While COVID-19 has receded from many Canadians’ day-to-day lives, the dysfunctional, inhumane, and unsafe working conditions that existed prepandemic for health care staff (and worsened during COVID) have persisted. The situation has led to unprecedented vacancies and ever-increasing gaps in care for Canadians. Health teams have worked to fill in the gaps while health facilities pay premium costs for travel and agency workers. Governments have continued to forgive budget deficits related to these unsustainable practices, while prioritizing recruiting trips overseas and raiding other countries’ health care workforces. In the meantime, health employers are not held accountable for addressing their own long-standing human resource mismanagement, causing staff to leave or under-participate in the work force. Recruitment alone will not solve these underlying problems.

Both the provincial and federal levels of government insist they are not responsible for how health care programs and services are implemented. They say this is the responsibility of health facilities. Only in extreme circumstances, such as significant financial mismanagement, do provincial and territorial ministries of health intervene. They hold the line that it is not their job to “micromanage” health authorities and employers.

But where no one takes accountability, no one is responsible.

Government-appointed health facility boards rely on senior executives to assess and report on care delivery – but those executives often lack a nuanced understanding of how to lead effective health service implementation. Meanwhile, regulatory bodies are delegating professional practice support programs to already dysfunctional health employers.

Fed up with feeling unsupported and disposable, many nurses are now leaving traditional health employers for working arrangements that respect them. More nurses are choosing travel nursing, whereby they work for private agencies that subcontract them back to the public system at a higher cost. This career path offers higher pay but, more importantly, individual control over working conditions, work settings, assignments, and hours, and can offset spiralling cost-of-living expenses.
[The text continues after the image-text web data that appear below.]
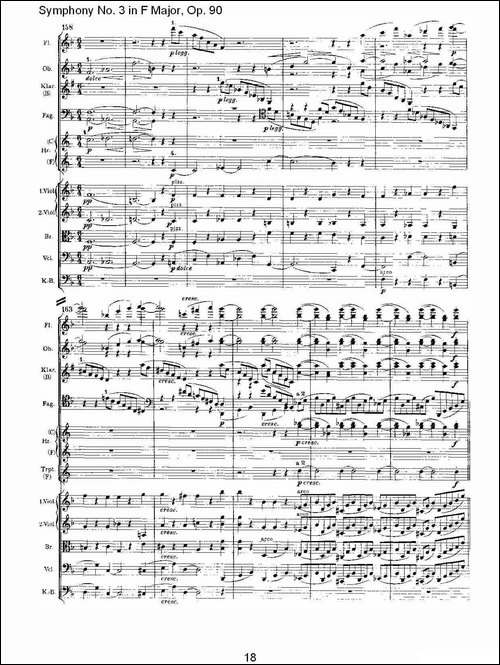 F大调第三交响曲,-Op.90第一乐章-其他谱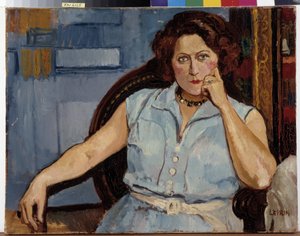 Portret siedzącej kobiety Obraz Marcela Leprina (1891-1933) XX wiek Obowiązkowa wzmianka: Kolekcja fundacji Provence, Marsylia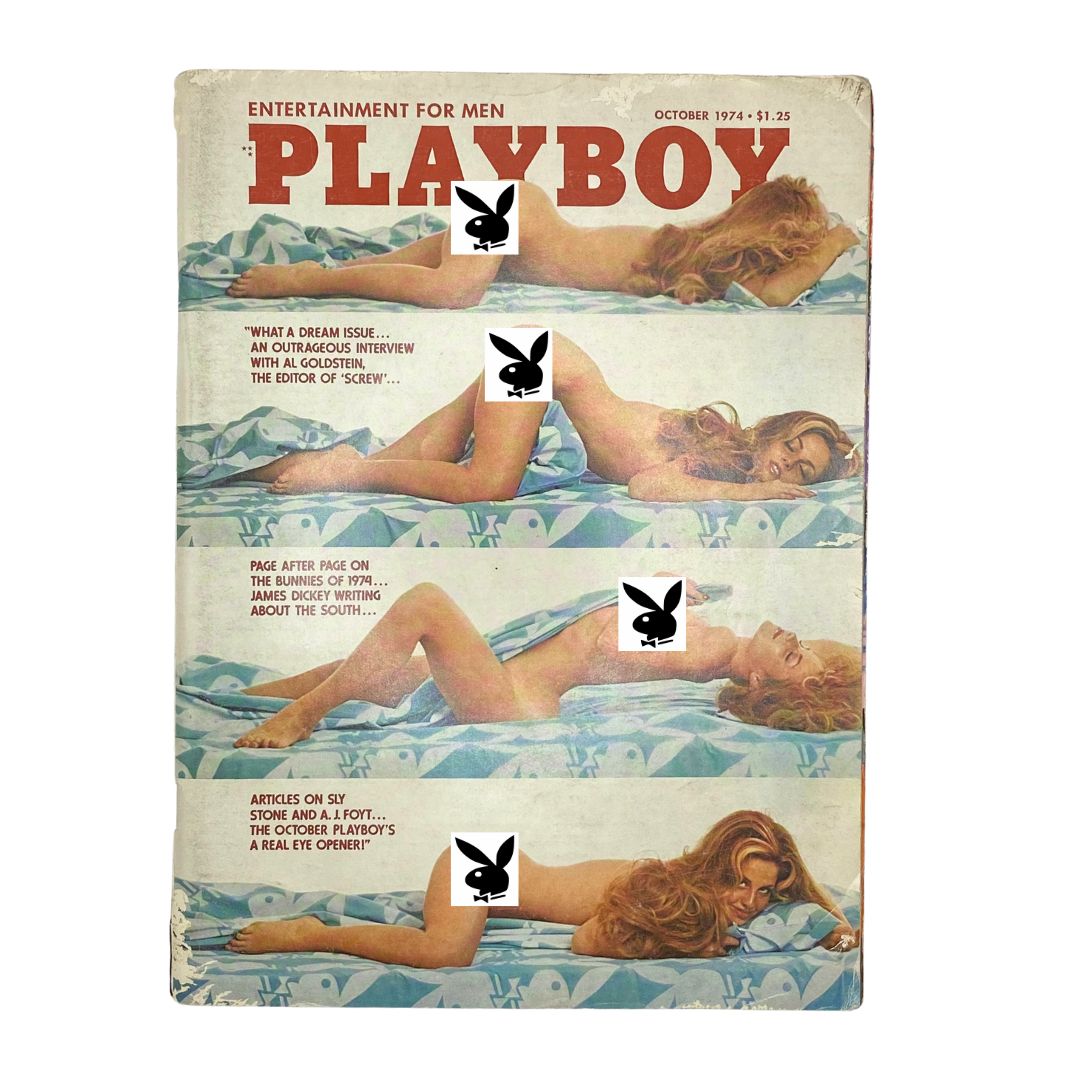 Playboy Magazine October 1974 Playmate Ester Cordet w Centerfold No Label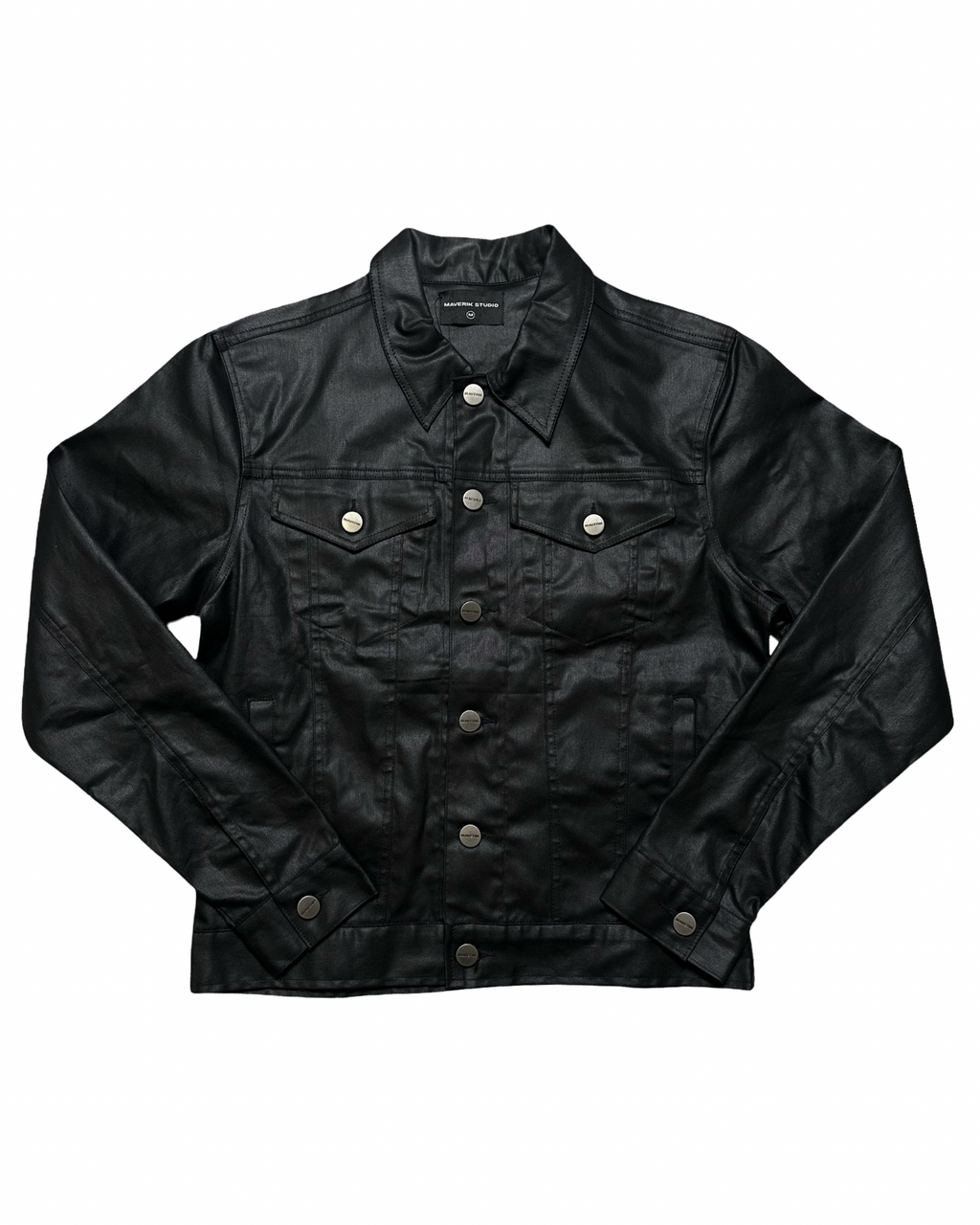 Vaxaður Maverik Studios denim jakki S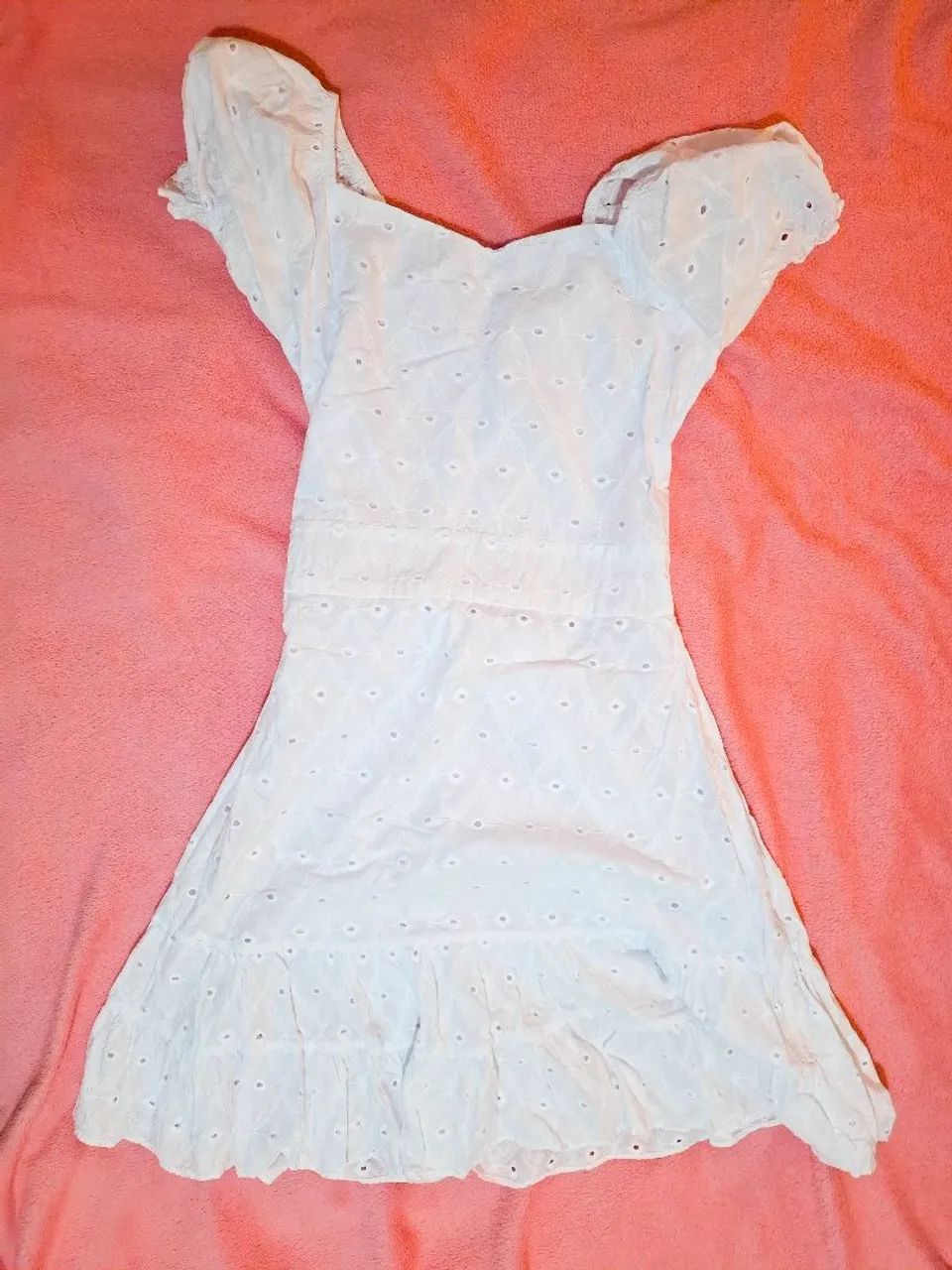 Vestido branco leise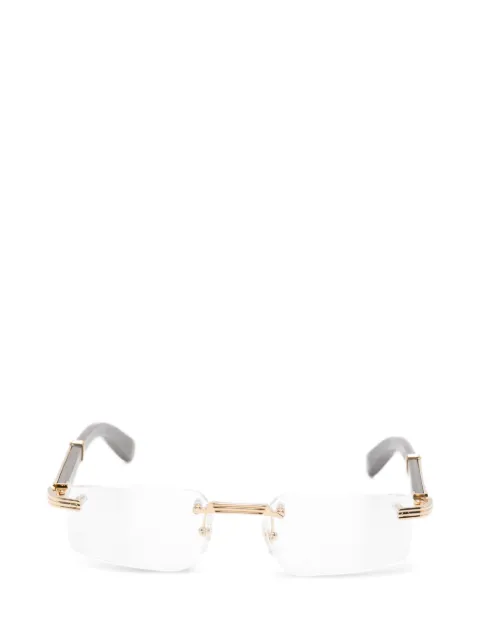 Cartier Eyewear rimless glasses Gold CT0485O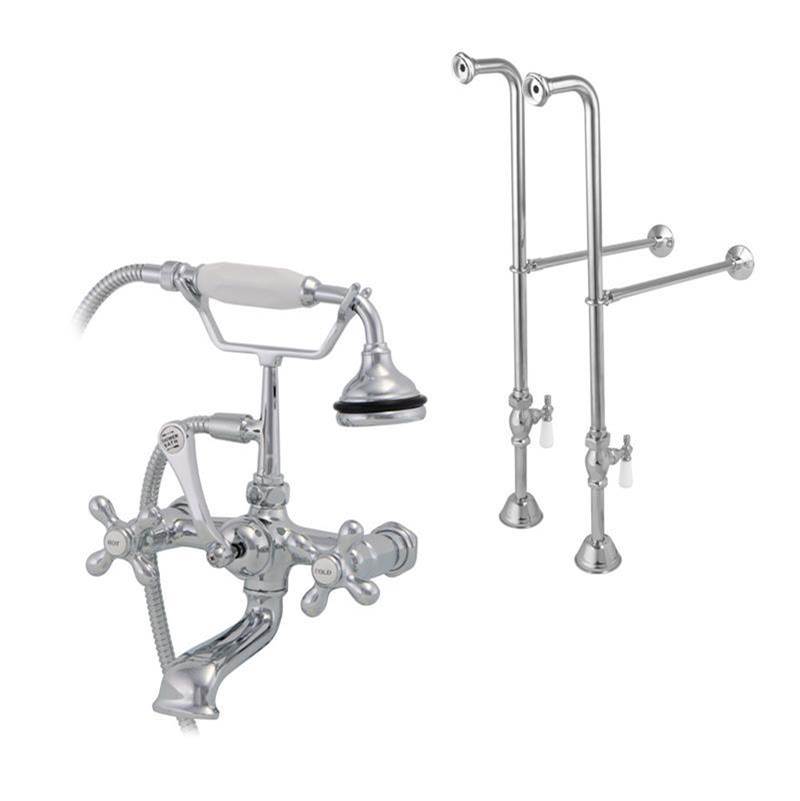 Maidstone Freestanding English Telephone Faucet - Classic Spout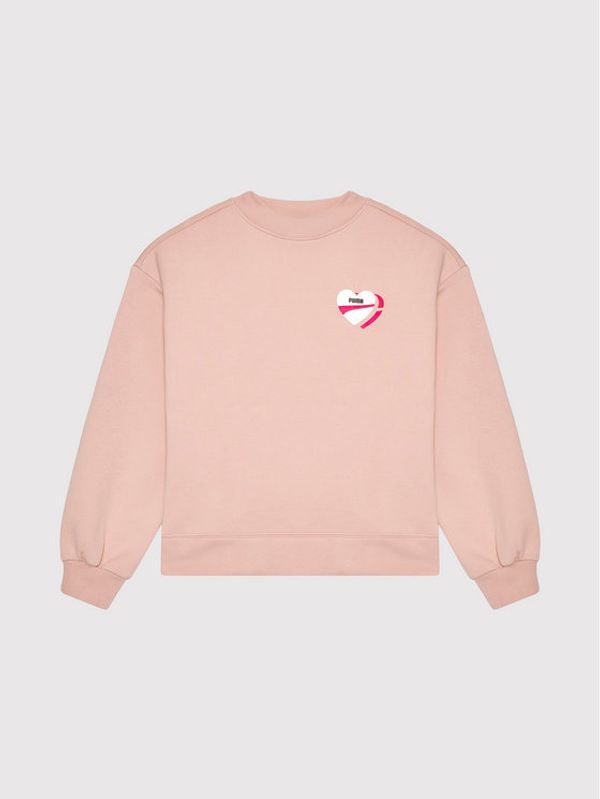 Puma Puma Суитшърт Alpha Crew 583302 Розов Relaxed FitFit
Nurses believe in the value of Canada’s publicly funded health care system but are no longer willing to be the silent backbone of it. For the system to survive, we must place accountability with employers to provide safe and appropriate working conditions for nurses and all members of the health care team. Those leading health systems must better understand the work of delivering health care. Employers must invest in their clinical governance infrastructure, led by those with clinical expertise. Governments must measure meaningful outcomes in auditing and reporting, while ensuring that executive leaders of health agencies have the expertise required to lead. Governments must also require safe, evidence-informed, nurse-to-patient ratios with mechanisms for supporting care teams in decision-making when those ratios are exceeded. British Columbia is leading the way by committing to minimum nurse-to-patient ratios, and the whole country is watching.

Canada cannot recruit its way out of accountability. We must provide better support to nurses, to keep them working in our publicly funded system.